Error Correcting Codes and Finite Fields
Math 5251 Fall 2006
MWF 1:25-2:15pm, Ford Hall 151
Instructor: Jonathan Rogness
Office: Vincent Hall 358
Phone: 612-625-3896
Web Page:
Course Page:

The fastest, most reliable way to get ahold of me is via email. I have two different offices on campus, so I may not always be in Vincent 358, but I check my email (very) frequently. Please include the number 5251 in the Subject line so your email will get filtered as a high priority message.

Course Description: This course is an introduction to the mathematics behind coding, specifically codes used for data compression, error detection and correction. The plan for the semester includes:
  • Basics of information theory and coding theory
  • Simple compression coding, including Huffman Coding and the Kraft-McMillan inequality.
  • Basic ideas behind error detection and correction, including the Noisy Coding Theorem.
  • Error detecting/correcting codes, with a focus on linear codes.

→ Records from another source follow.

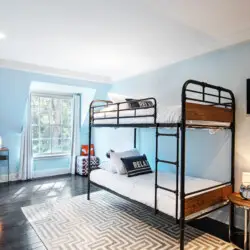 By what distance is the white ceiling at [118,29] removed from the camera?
77.8 inches

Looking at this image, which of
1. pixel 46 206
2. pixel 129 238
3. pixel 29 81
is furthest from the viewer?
pixel 29 81

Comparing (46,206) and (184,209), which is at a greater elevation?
(184,209)

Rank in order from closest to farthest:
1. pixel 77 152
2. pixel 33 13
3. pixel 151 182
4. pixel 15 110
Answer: pixel 33 13, pixel 151 182, pixel 15 110, pixel 77 152

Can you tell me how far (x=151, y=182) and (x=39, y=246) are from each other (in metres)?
1.50

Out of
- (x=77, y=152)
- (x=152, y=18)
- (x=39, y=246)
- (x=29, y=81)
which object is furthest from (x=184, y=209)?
(x=77, y=152)

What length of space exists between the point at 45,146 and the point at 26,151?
0.66 m

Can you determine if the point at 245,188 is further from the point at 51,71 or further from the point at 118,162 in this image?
the point at 51,71

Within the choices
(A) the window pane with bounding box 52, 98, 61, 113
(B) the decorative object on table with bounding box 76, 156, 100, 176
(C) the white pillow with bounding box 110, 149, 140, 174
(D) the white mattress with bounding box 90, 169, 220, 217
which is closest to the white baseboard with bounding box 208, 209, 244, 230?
(D) the white mattress with bounding box 90, 169, 220, 217

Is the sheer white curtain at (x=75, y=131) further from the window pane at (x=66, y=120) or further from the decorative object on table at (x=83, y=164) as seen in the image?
the window pane at (x=66, y=120)

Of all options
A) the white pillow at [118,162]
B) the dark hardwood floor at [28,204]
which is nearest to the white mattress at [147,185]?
the white pillow at [118,162]

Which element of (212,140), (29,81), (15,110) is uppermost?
(29,81)

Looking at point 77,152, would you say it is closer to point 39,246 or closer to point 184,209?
point 39,246

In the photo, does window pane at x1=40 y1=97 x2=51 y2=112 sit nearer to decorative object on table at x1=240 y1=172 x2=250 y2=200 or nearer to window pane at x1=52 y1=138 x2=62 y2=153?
window pane at x1=52 y1=138 x2=62 y2=153

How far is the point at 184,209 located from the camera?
2.17 m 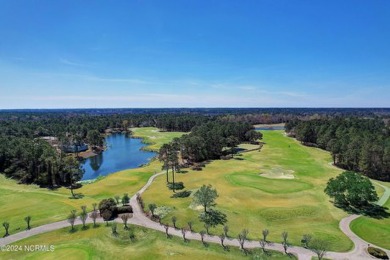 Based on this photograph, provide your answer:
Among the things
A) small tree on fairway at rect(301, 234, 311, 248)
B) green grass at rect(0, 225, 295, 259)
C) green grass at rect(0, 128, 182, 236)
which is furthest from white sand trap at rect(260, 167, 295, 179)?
green grass at rect(0, 225, 295, 259)

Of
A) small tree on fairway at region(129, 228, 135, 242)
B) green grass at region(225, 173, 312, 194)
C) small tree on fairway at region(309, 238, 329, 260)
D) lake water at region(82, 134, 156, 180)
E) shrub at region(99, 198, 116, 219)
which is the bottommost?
lake water at region(82, 134, 156, 180)

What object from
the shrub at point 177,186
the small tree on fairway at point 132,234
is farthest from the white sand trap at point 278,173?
the small tree on fairway at point 132,234

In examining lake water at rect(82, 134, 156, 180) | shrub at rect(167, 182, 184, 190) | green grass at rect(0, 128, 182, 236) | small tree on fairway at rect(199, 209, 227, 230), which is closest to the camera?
small tree on fairway at rect(199, 209, 227, 230)

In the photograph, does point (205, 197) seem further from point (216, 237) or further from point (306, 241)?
point (306, 241)

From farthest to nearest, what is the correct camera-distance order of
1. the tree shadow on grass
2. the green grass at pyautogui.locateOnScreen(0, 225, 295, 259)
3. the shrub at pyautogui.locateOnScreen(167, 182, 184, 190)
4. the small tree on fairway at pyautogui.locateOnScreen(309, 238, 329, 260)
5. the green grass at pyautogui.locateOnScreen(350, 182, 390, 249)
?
1. the shrub at pyautogui.locateOnScreen(167, 182, 184, 190)
2. the tree shadow on grass
3. the green grass at pyautogui.locateOnScreen(350, 182, 390, 249)
4. the green grass at pyautogui.locateOnScreen(0, 225, 295, 259)
5. the small tree on fairway at pyautogui.locateOnScreen(309, 238, 329, 260)

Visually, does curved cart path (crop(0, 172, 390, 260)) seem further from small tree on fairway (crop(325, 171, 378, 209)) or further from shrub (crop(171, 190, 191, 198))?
shrub (crop(171, 190, 191, 198))

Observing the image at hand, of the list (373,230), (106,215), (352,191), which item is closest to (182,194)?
(106,215) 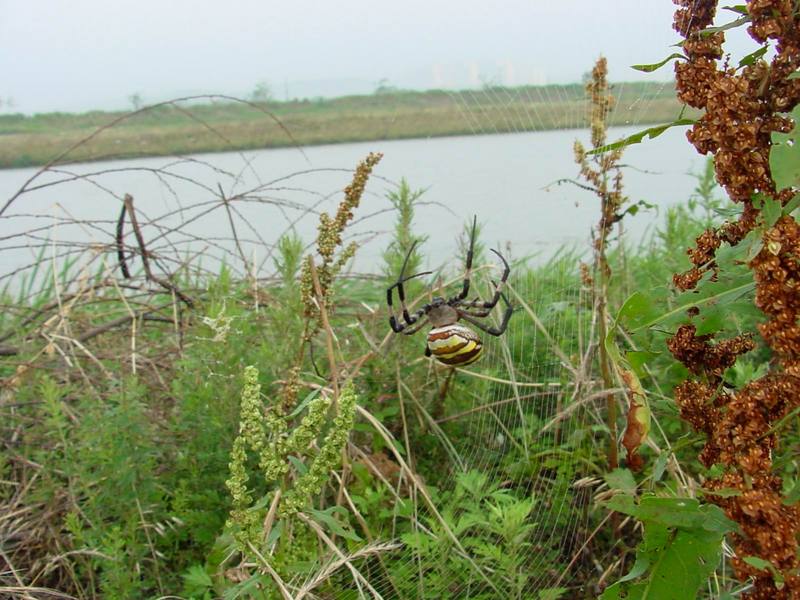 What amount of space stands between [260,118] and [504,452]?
240cm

We will also examine bounds on how efficient these codes can be.
  • Cyclic linear codes (Hamming, BCH, Reed-Solomon)
Covering these topics requires reviewing and learning a wide variety of mathematics, including counting, probability, modular arithmetic, various abstract properties and algorithms involving the integers, primitive polynomials, and more! Many of these topics will be tied together when we talk about the structure of finite fields. We won't cover any of these concepts in full detail, but we want enough math to understand why these coding techniques work; they won't just be algorithms which happen to work.

Please note that this is not a course about encrypting information to make it secret (see Math 5248: Cryptology and Number Theory), compression using wavelets (see Math 5467: Introduction to the Mathematics of Image and Data Analysis), or the serious details about implementing these codes (see any number of EE courses, such as 5501, 5581 and 5585). For more about finite fields, groups, and the abstract properties of the integers, consider a course like Math 5286H: Fundamentals of Abstract Algebra.

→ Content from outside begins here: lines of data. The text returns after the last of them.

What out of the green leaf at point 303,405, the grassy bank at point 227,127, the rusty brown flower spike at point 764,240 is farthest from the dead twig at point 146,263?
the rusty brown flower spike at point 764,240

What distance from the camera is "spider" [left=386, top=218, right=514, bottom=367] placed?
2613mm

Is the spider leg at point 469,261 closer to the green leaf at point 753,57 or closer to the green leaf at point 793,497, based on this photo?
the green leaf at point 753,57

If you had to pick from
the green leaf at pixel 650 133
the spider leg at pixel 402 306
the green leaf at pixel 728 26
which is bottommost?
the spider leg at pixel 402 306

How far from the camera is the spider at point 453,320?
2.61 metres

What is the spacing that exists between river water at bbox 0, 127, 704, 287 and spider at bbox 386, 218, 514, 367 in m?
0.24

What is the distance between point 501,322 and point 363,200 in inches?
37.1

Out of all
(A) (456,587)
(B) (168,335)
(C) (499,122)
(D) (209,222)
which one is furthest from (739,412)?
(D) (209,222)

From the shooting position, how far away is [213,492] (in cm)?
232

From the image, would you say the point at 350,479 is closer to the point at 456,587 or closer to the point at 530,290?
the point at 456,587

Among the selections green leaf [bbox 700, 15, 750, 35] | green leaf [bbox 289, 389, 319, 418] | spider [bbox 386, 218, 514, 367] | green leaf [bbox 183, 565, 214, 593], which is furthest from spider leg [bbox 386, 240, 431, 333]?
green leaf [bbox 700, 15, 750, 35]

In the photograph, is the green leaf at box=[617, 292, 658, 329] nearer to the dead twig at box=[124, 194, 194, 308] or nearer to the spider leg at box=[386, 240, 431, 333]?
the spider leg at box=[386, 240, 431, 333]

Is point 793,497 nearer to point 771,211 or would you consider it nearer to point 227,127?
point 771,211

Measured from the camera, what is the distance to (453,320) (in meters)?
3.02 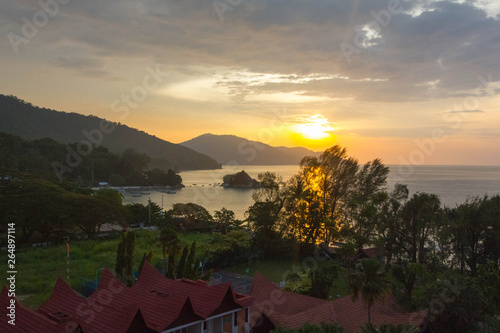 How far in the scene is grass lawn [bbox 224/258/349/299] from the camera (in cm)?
2653

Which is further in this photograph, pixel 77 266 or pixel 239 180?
pixel 239 180

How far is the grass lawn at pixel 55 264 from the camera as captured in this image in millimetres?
21297

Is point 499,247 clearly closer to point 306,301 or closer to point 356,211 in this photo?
point 356,211

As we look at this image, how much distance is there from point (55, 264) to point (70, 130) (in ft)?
448

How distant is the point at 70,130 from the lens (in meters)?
150

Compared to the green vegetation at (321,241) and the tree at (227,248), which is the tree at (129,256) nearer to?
the green vegetation at (321,241)

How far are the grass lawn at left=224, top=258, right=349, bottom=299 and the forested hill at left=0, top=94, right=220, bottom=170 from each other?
336 ft

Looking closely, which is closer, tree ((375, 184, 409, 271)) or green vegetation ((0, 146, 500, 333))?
green vegetation ((0, 146, 500, 333))

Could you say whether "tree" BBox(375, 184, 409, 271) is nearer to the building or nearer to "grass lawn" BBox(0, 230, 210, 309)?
"grass lawn" BBox(0, 230, 210, 309)

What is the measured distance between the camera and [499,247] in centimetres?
2381

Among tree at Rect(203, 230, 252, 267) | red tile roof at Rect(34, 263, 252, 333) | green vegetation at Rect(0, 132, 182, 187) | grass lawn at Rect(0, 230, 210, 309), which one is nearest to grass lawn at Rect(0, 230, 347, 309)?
grass lawn at Rect(0, 230, 210, 309)

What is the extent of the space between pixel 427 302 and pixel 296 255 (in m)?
17.4

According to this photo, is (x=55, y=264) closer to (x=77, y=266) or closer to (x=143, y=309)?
(x=77, y=266)

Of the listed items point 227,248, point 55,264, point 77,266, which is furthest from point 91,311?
point 227,248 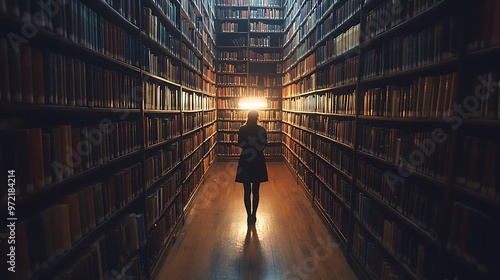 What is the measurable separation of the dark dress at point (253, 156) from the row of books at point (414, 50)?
4.62 feet

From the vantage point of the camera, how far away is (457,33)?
140 cm

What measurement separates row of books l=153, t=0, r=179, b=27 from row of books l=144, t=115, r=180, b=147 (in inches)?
42.8

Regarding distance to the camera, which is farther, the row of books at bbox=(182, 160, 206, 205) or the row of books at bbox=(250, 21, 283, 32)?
the row of books at bbox=(250, 21, 283, 32)

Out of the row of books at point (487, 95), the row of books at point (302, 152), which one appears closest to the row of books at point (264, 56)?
the row of books at point (302, 152)

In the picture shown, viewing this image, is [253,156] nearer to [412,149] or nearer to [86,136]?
[412,149]

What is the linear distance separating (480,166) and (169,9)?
122 inches

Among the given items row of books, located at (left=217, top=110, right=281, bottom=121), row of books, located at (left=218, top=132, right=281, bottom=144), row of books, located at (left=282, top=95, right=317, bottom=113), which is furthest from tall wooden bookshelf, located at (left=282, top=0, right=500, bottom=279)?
row of books, located at (left=218, top=132, right=281, bottom=144)

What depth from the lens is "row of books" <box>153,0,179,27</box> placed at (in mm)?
2789

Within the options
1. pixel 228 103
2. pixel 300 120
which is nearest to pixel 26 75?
pixel 300 120

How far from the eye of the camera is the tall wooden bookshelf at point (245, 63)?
24.1ft

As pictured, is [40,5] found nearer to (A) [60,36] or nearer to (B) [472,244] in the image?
(A) [60,36]

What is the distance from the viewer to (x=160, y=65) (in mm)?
2838

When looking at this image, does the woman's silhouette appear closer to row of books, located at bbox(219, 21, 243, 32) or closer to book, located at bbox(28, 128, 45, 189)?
book, located at bbox(28, 128, 45, 189)

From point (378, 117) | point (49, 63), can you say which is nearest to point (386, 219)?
point (378, 117) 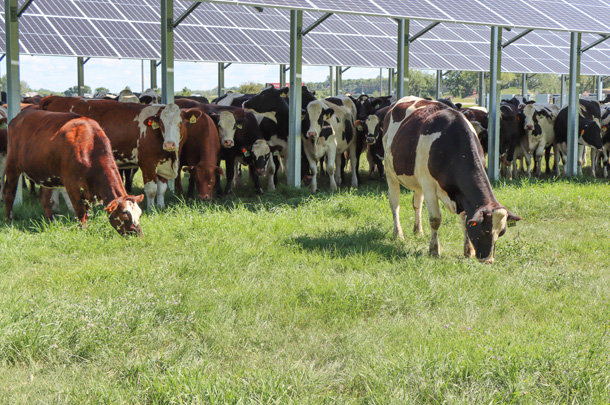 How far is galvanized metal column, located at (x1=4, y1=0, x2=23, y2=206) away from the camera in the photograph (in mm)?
10188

I should also note that most of the previous instructors of this course haven't covered Goppa codes, based on algebraic codes, even though these objects are sometimes included in the title of the course. If this topic is important to you, let me know (early!), and I may be able to rearrange things so that we can fit in a brief overview.
Prerequisites: Two semesters of sophomore level math. We'll use lots of matrices and vectors, so a solid background in linear algebra is important. Some familiarity with modular arithmetic would be helpful, but isn't necessary.
Textbook: The Mathematics of Coding Theory: Information, Compression, Error Correction and Finite Fields by Paul Garrett, Prentice Hall, 2004.
Homework and Exams: Homework will be due (roughly) every two weeks. Assignments will be announced in class and placed online. Homework will not be accepted after an announced due date unless you've made previous arrangements with me. Collaboration is highly encouraged -- please work with other students! However, your solutions need to be written in your own words, and your homework should include a note saying whom you worked with. Occasionally I'll give a special problem in class which is not required, but might be worth some extra credit.

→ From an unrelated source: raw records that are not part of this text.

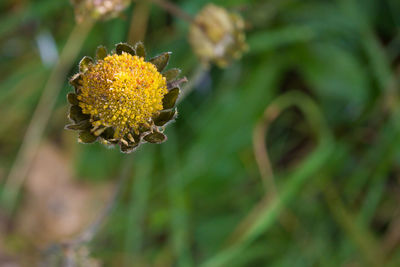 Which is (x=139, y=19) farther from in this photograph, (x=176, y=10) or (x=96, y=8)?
(x=96, y=8)

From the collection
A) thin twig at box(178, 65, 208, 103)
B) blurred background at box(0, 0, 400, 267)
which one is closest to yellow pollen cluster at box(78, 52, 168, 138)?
thin twig at box(178, 65, 208, 103)

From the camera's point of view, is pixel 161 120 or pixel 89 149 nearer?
pixel 161 120

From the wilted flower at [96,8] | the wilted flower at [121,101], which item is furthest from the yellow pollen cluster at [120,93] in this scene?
the wilted flower at [96,8]

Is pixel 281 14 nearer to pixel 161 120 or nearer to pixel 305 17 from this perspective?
pixel 305 17

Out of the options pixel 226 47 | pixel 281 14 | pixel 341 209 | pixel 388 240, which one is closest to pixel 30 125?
pixel 226 47

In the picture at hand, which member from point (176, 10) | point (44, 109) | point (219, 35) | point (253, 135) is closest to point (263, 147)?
point (253, 135)

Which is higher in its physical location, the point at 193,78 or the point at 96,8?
the point at 193,78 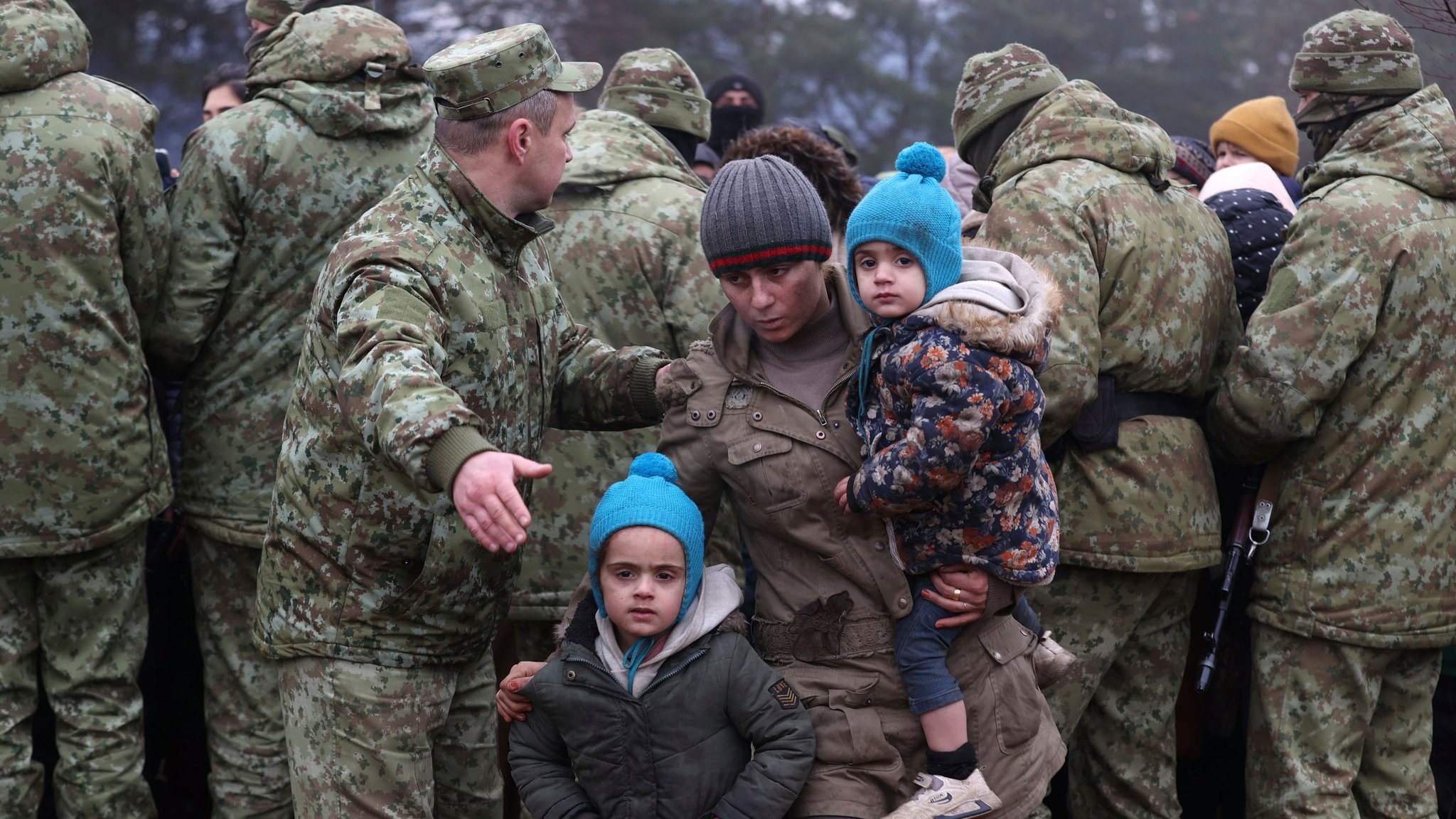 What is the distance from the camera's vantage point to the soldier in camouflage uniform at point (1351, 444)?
3.95 meters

We'll have in-class two midterms, tentatively scheduled for Wednesday 10/18 and Wednesday 11/15. Our final exam is scheduled for 4:00-6:00pm on Wednesday, 12/20, unless at least 90% of the students in the class vote to have a take-home final instead. Make-up exams will only be permitted in extraordinary situations. (Think "emergency surgery," not "oversleeping.")
Grading Scheme: 50% Homework
30% Midterms (15% each)
20% Final Exam

Overall course grades will be at least this generous; I reserve the right to lower gradelines if a test or homework assignment turns out to be harder than intended.
90%-100%A-, A
80%-89%B-, B, B+
70%-79%C-, C, C+
60%-69%D, D+
Other Policies: We will follow all University and IT policies regarding academic honesty and other matters. The most common situation involves asking for a grade of incomplete. Incompletes are given only in extremely unusual circumstances, and only if you arrange it with me in advance. Incompletes are given only if you have completed most of the course material at a satisfactory level -- at least two midterms at a C level -- but some terrible, unexpected event prevents you from finishing the course. In particular, we cannot give you an incomplete if you simply fall behind in your work.